Could this strange story of the dismissal of the manager describe Jesus’ death on the cross?  Certainly that’s the place where we humans dismiss Jesus; accusing him of giving love and forgiveness to those who don’t deserve it.  If you read the gospels carefully you notice that at first people wondered if Jesus did represent God but then they decide he didn’t and in fact, was a danger to the God of retribution they actually followed.  They all shouted “crucify him” and they did crucify him. But by then it was too late.  He had already prayed, “Father forgive them for they don’t know what they are doing.” The deed had been done and God’s love, even in the midst of their hate, had been revealed.  History had been changed.  The word of forgiveness had been spoken before his departure silenced him.

In Jesus’ story , the shrewd manager summons his master’s caught people one by one; those who are in so deep they have no hope of ever escaping and asks, ‘How much do you owe my master?’  The first one answers, ‘Nine hundred gallons of olive oil.’  He said to him, ‘Take your bill, sit down quickly, and make it four-hundred and fifty.’  Before anyone can catch him he forgives the man’s debt.  Now the heavily burdened man feels he has a chance, he has hope, and he believes his master has mercy.  “Then the shrewd manager asks another, ‘and how much do you owe?’  “‘One thousand bushels of wheat,’ He replied”  “‘Take your bill and make it eight hundred.’”  Another debtor feels hope!

Does 50% and 20% reduction that Jesus builds into the story reflect back on the prodigal son where the prodigal is forgiven more, but both are forgiven much? Will they live in gratitude toward the benevolent father or will they compare?  Remember, Jesus told this story to the disciples, those who thought of themselves as deserving more because they had left all to follow him.

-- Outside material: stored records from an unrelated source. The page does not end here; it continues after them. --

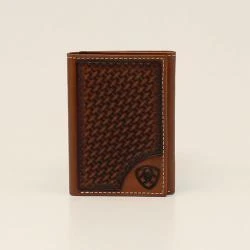 ARIAT MENS TRIFOLD WALLET BASKETWEAVE SHIELD TAN A3550408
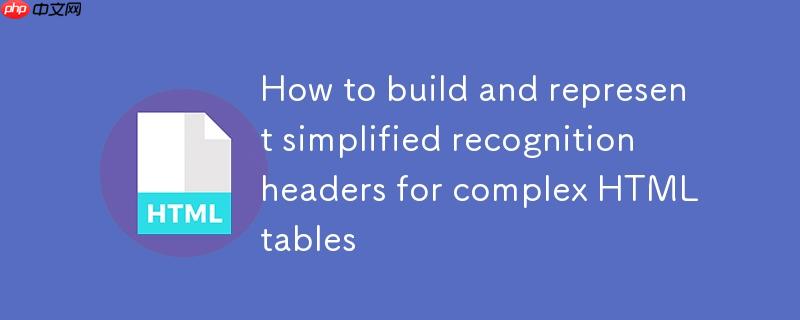 如何构建和表示复杂HTML表格的简化识别头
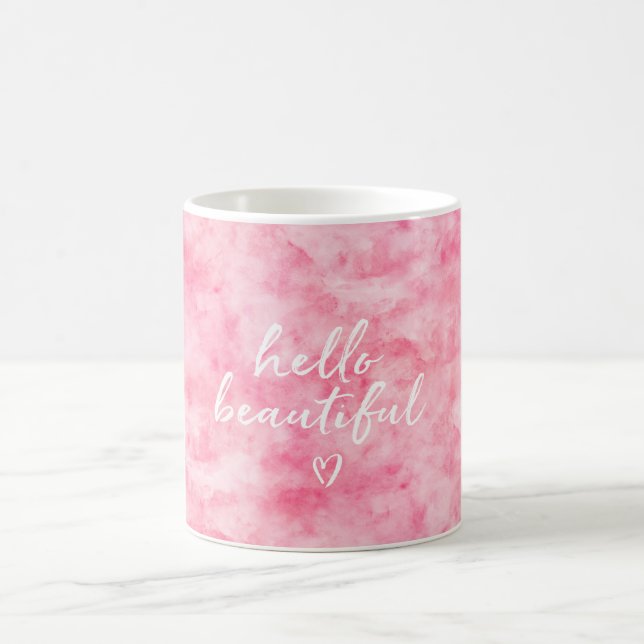 Mug Aquarelle rose bonjour belle (Centre)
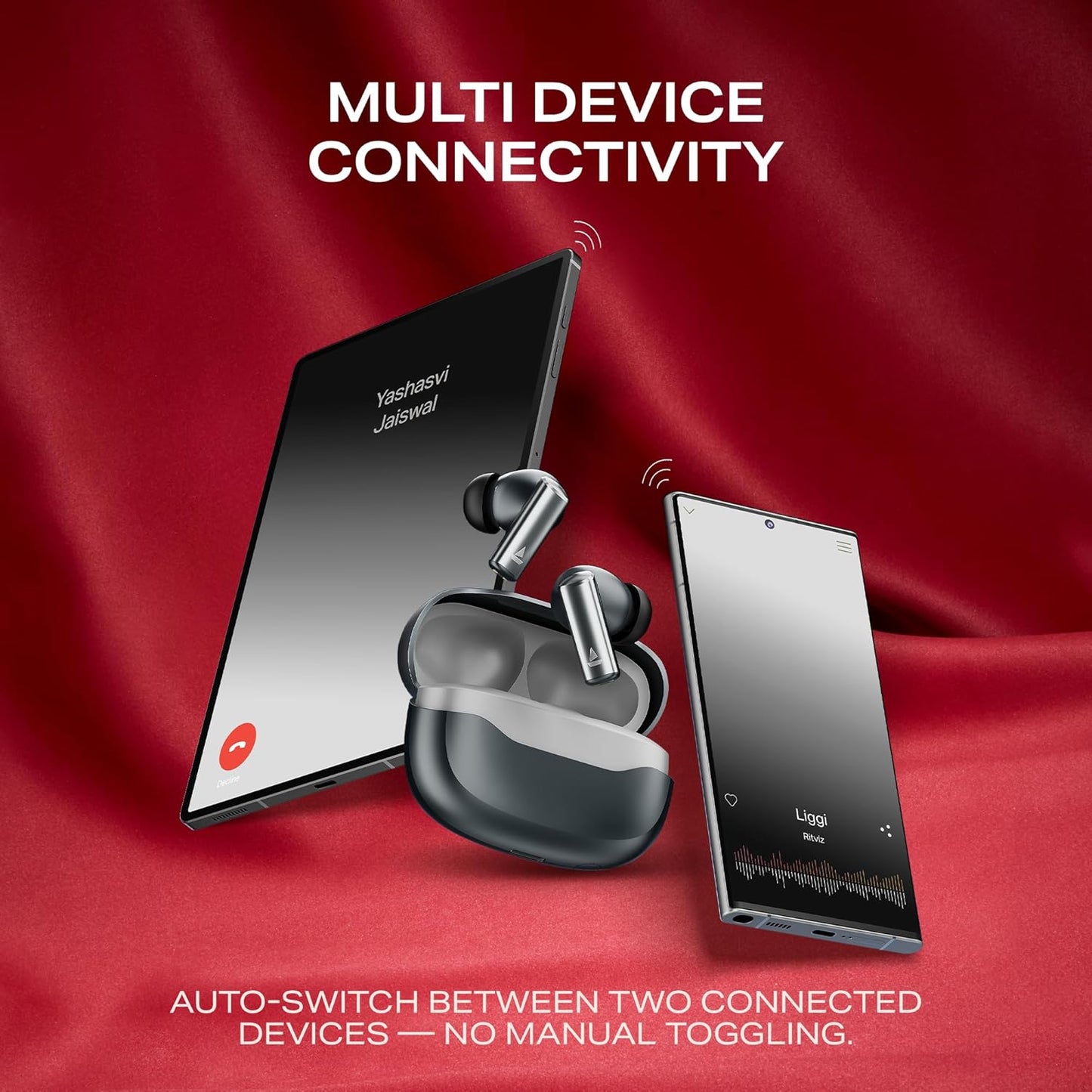 boAt Airdopes Prime 701 ANC (2025 Launch),46dB Hybrid ANC, 50Hr Battery, Real Spatial Audio,Multidevice Connect,App Support, Bluetooth Earbuds, TWS Ear Buds Wireless Earphones with mic (Zinc White)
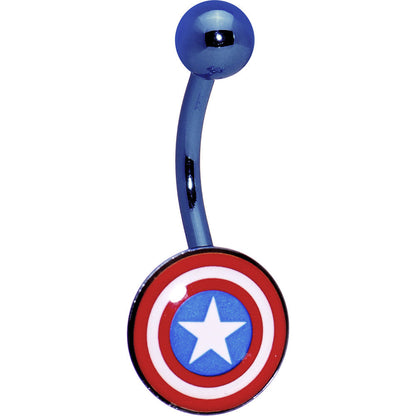 Anodized Captain American Belly Ring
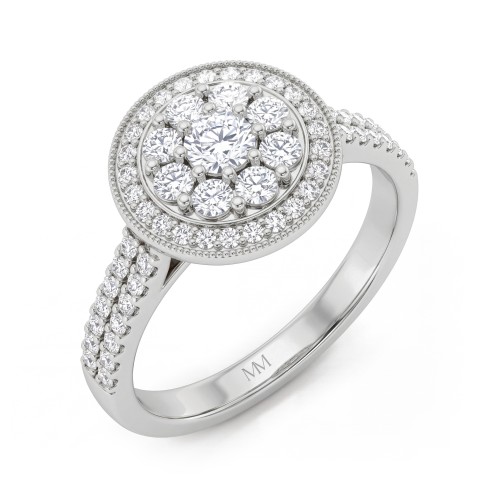 Corollina - Round Cluster Moissanite Ring with Halo and Pavé Shoulders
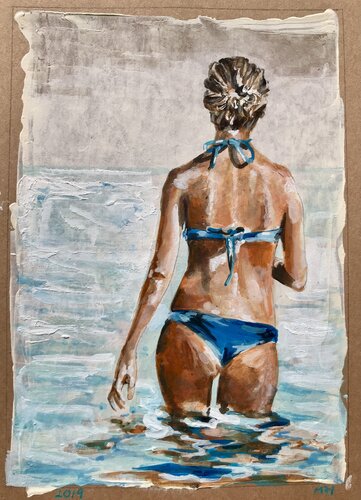 Badende – ab ins Meer von Michael Rehr-Hoffmann, Malerei kaufen auf Singulart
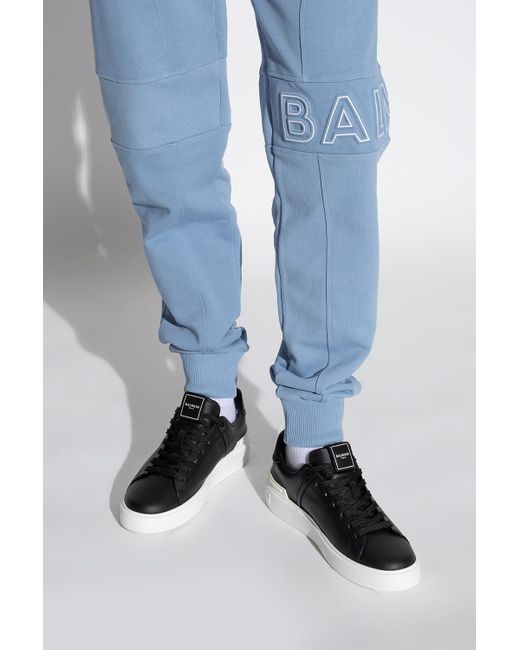 Balmain Blue ‘B-Court’ Leather Sneakers for men
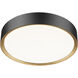 Kawan LED 16 inch Matte Black and Modern Gold Flush Mount Ceiling Light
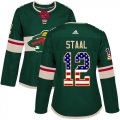 Wholesale Cheap Adidas Wild #12 Eric Staal Green Home Authentic USA Flag Women's Stitched NHL Jersey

Now comes the twist that gives the story its spin. “And his master commended the dishonest manager because he had acted shrewdly.” The master commends the dishonest manager for forgiving! That’s the only thing it could be!  It’s the only thing the shrewd manager does.  Forgiveness is acting shrewdly.  It’s not weak hearted or unmanly to forgive. It’s shrewd to forgive! We didn’t expect that!

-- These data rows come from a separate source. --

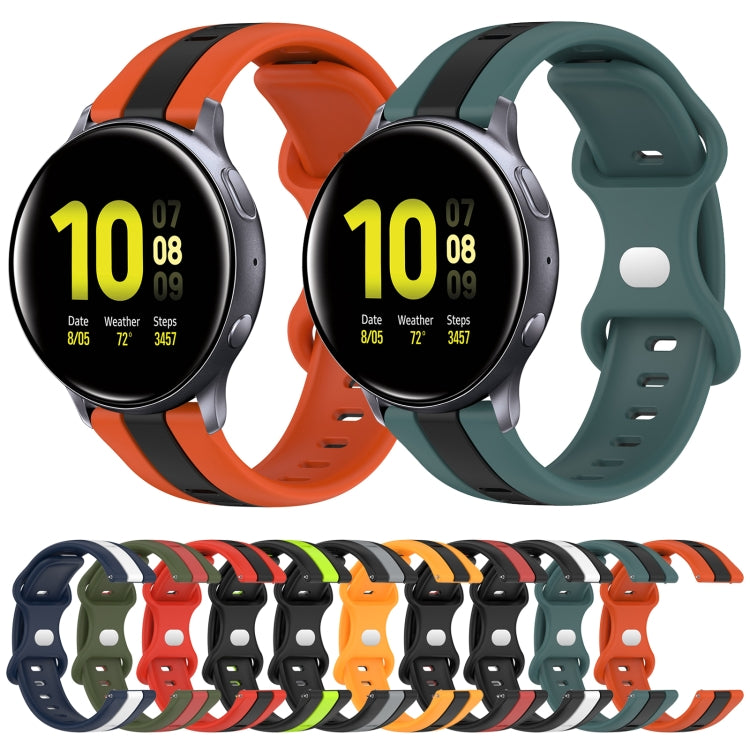 For Samsung Galaxy Watch Active 2 44mm 20mm Butterfly Buckle Two-Color Silicone Watch Band(Black+White) - free shipping - PMC TechLife - Order now!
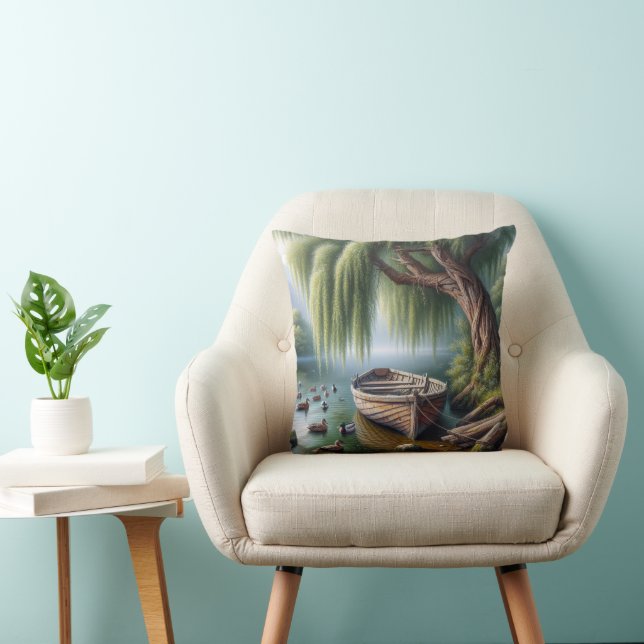 Rowboat Under a Weeping Willow Tree Throw Pillow (Chair)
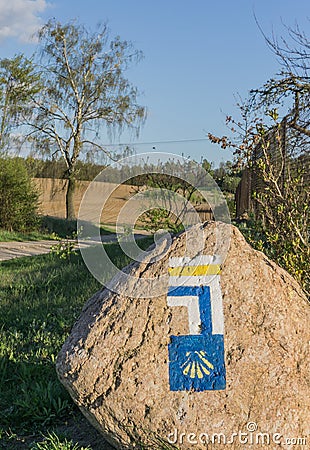 Pilgrim sign - Camino de Santiago - Tourist signs - Poland Stock Photo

This passage implies that forgiveness works at a practical level for all human beings without reference to their culture or station in life.  It implies that forgiveness is deeper than religion and beyond what we think of as spiritual.  Wise people, shrewd people, people of the world, people who do not think of themselves as religious, people very different from us, can still forgive!  The book The Crying Tree makes this point.  In fact, Jesus says the people who belong to the real world rather than the religious world are cleverer in dealing with their peers if they practice forgiveness than those who see themselves as belonging to the light yet do not forgive.

The power of forgiveness is fresh for my wife and me because on Wednesday and Thursday nights we stayed in The Amy Tan room at the Sylvia Beach Hotel, an old hotel on the Oregon coast where each room honors a famous writer.  Amy Tan, the Chinese-American writer who wrote The Joy Luck Club and The Bonesetters Daughter, as well as other books, tells the story of her relationship with her Chinese mother whose early experiences in life had made her very difficult to understand and even harder to feel loved by.  As Amy learned about her mother’s history and her mother’s Chinese way of viewing life, she gradually forgave her mother and herself for hating her.  All of Amy Tan’s writings are stories of forgiveness as mothers and daughters struggle to understand and forgive.

The story of the “shrewd manager” is also about forgiveness.  Maybe God is like the shrewd manager who gives away blessings, the very thing the world holds onto like debts unpaid.  Maybe the shrewd manager’s shrewdness reveals wisdom deeper than the “children of light” who think they know God.  Have the disciples been thinking of themselves as “children of light” but forgetting to forgive?  God help them.  Amen.